Prerequisite: CIN/TFI 2760 and 2770, and permission of instructor
American Film Genres
CIN 3705 Refer to TFI 3705 in Film Courses for description.
Prerequisite: CIN 2760 and 2770
The Western
CIN 3715 / 4 credits / Special topic (every third year)
In light of a resurgence of the western in film and television, this course spans the history of the genre, from the earliest silent screen versions of dime store novels to its contemporary manifestations. While paying careful attention to the western as myth, epic, and landscape art, the course also explores themes of freedom, justice, and individualism as embedded and transformed in the genre. Offered as TFI 3715 for film majors.
Prerequisite: CIN/TFI 2760 and 2770, and permission of instructor
Philosophy and Film
CIN 3716 Refer to PHI 3716 in Philosophy Courses for description.
The American Avant-Garde Film
CIN 3730 Refer to TFI 3730 in Film Courses for description.
The Independent Spirit in American Film
CIN 3736 Refer to TFI 3735 in Film Courses for description.
Meaning and Truth in Cinema
CIN 3745 / 4 credits / Alternate years
A survey of the most important developments in film theory. Early theoretical discussions were mostly guided by the need to understand and to legitimize film as a distinct art form and as a new technology of seeing. As a result of the legitimization of film as a cultural fact, film theory became more specialized and a field of its own, alongside art history, literary theory, and philosophy. This course explores how each of these fields has contributed to a deeper understanding of cinema.
Transcendent Visions: The Spiritual on Film
CIN 3755 Refer to TFI 3755 in Film Courses for description.
New Waves of East Asian Cinema
CIN 3757 Refer to TFI 3757 in Film Courses for description.
Japanese Cinema
CIN 3760 Refer to TFI 3760 in Film Courses for description.
Contemporary Asian Cinema
CIN 3763 / 4 credits / Special topic (offered irregularly)
An exploration of contemporary Asian cinema, focusing on films from Hong Kong, Taiwan, China, South Korea, Japan, and India made in the last 20 years.

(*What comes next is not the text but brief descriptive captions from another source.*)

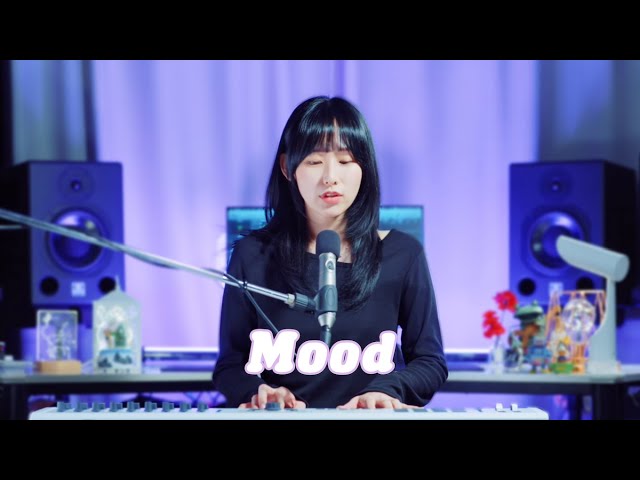 24kGoldn - Mood (Cover by SeoRyoung 박서령) class=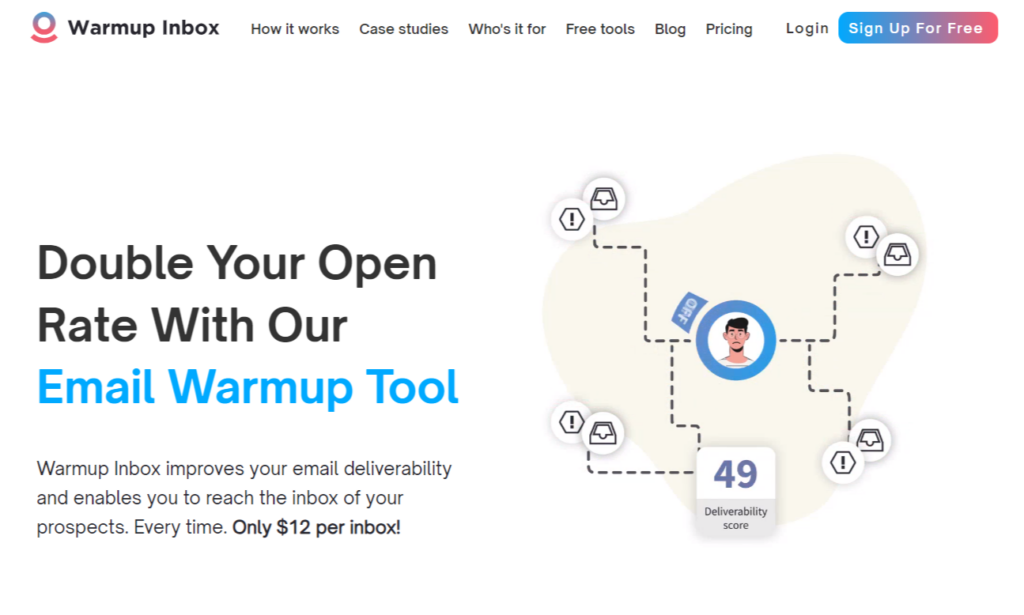 Warmup Inbox vs. MailRush: Compared Feature-by-Feature 1 warmup inbox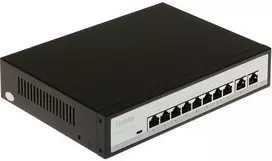 Switch POE 8-port Tiandy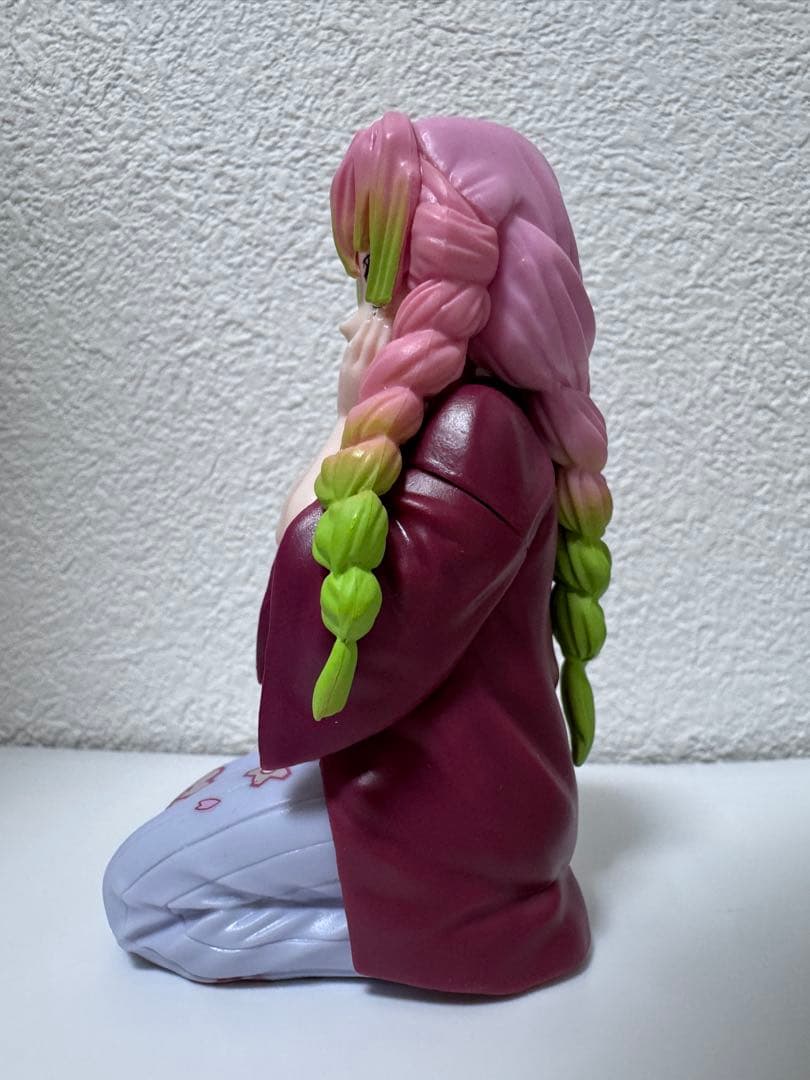 甘露寺蜜璃　鬼滅の刃　フィギュア 5体セット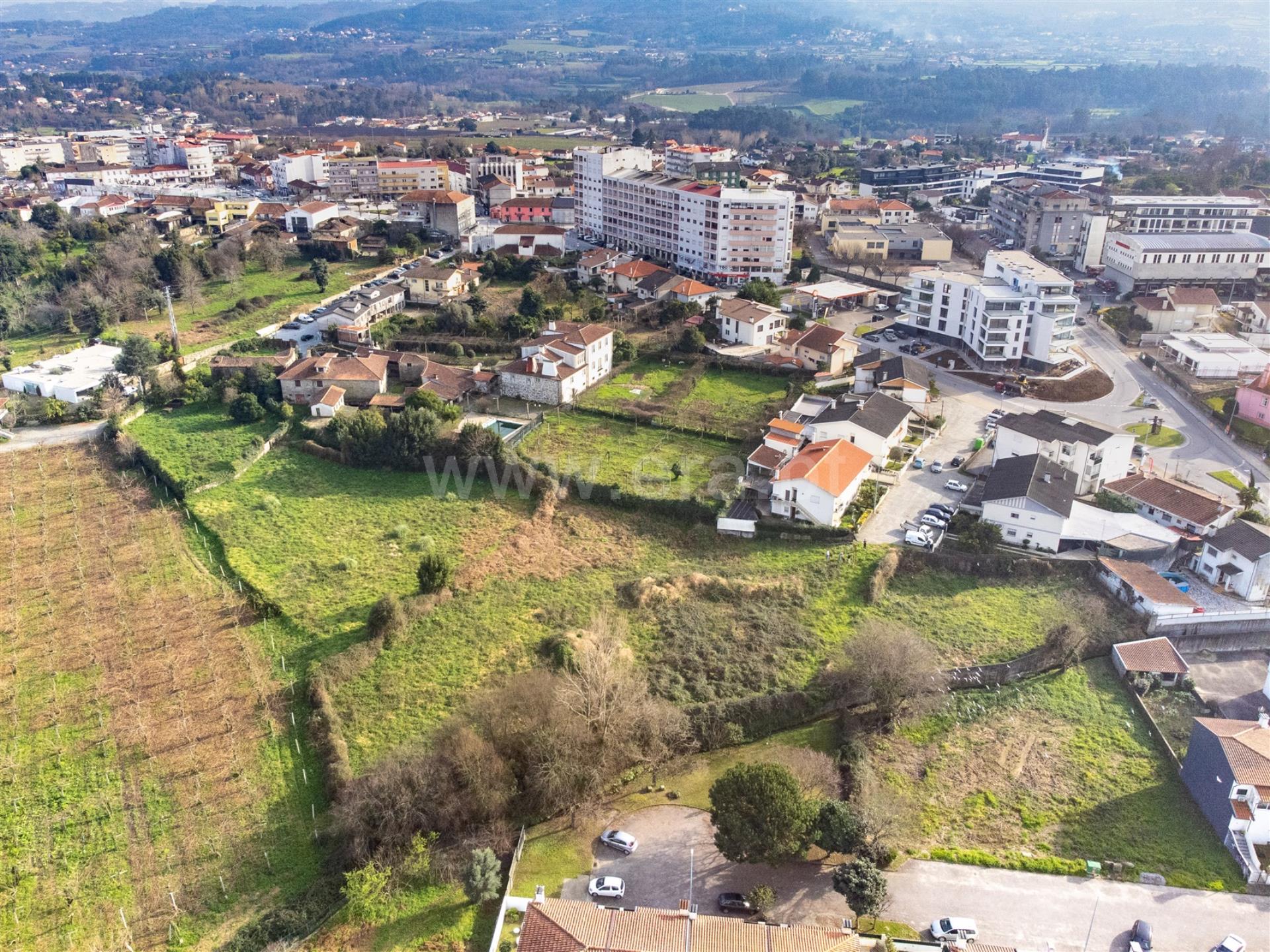 Land for sale in Amares, Portugal — €480,000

The class includes units on methods of comparative analysis, popular genres, authorship in art cinema, and national film industries. Offered as TFI 3763 for film majors.
Prerequisite: CIN/TFI 2760 and 2770, and permission of instructor
Topics in Classical Cinema
CIN 3765 / 4 credits / Alternate years
A key element of the classical Hollywood tradition (e.g., classical form, the auteur, the star system, or studio practices) is considered in detail. Offered as TFI 3765 for film majors.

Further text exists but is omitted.